»»
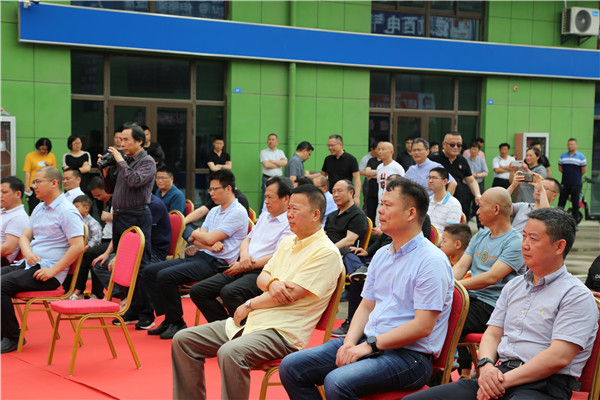 海门首家专业五金机电市场在苏中农副产品交易中心盛大开业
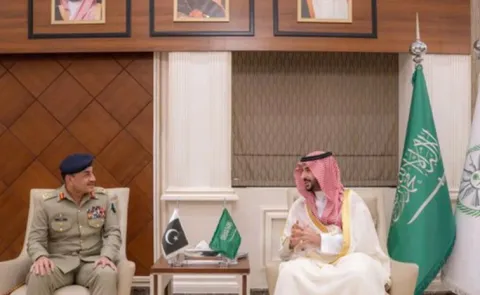 Saudi defence minister Khalid bin Salman meets Pak Army chief Asim Munir15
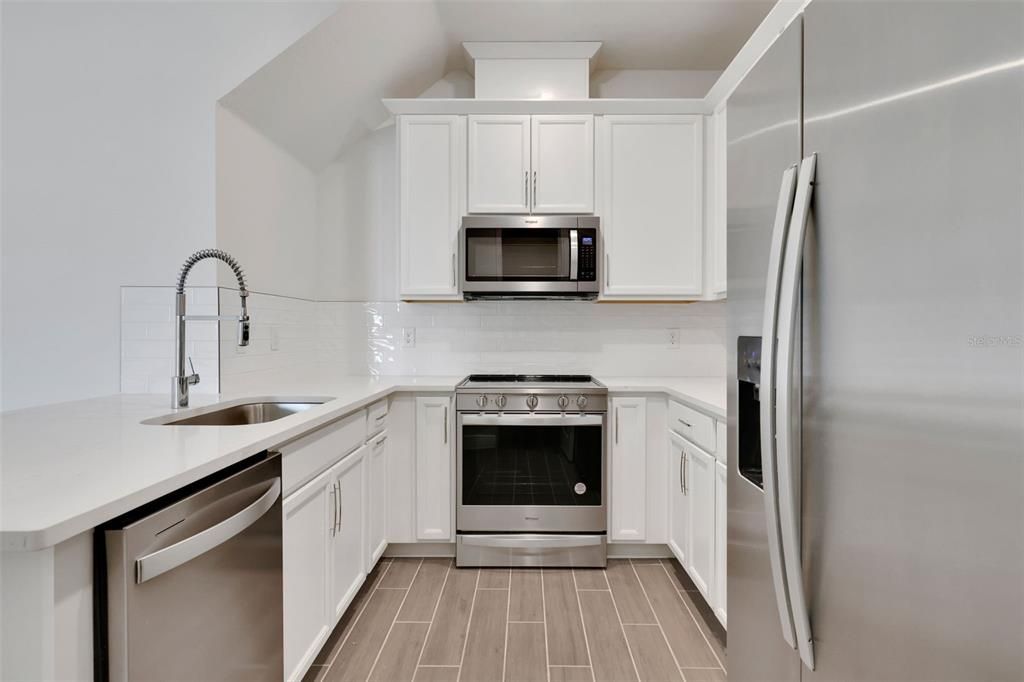 待售: $348,455 (3 贝兹, 2 浴室, 1807 平方英尺)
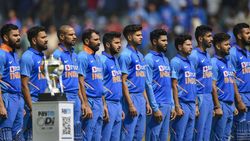 ഒന്നും രണ്ടുമല്ല, പരിക്കേറ്റ് വീണത് അഞ്ചു പേര്‍!! ടീം ഇന്ത്യയുടെ ഷെഡ്യൂളിനെതിരേ ചോപ്രയും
««
→ Work item:
Only the lines from the one holding "Saudi defence minister" through the end of the data are to be printed, exactly as they stand and with no pictures.

→ Answer for the task:
 Saudi defence minister Khalid bin Salman meets Pak Army chief Asim Munir15
 待售: $348,455 (3 贝兹, 2 浴室, 1807 平方英尺)
 ഒന്നും രണ്ടുമല്ല, പരിക്കേറ്റ് വീണത് അഞ്ചു പേര്‍!! ടീം ഇന്ത്യയുടെ ഷെഡ്യൂളിനെതിരേ ചോപ്രയും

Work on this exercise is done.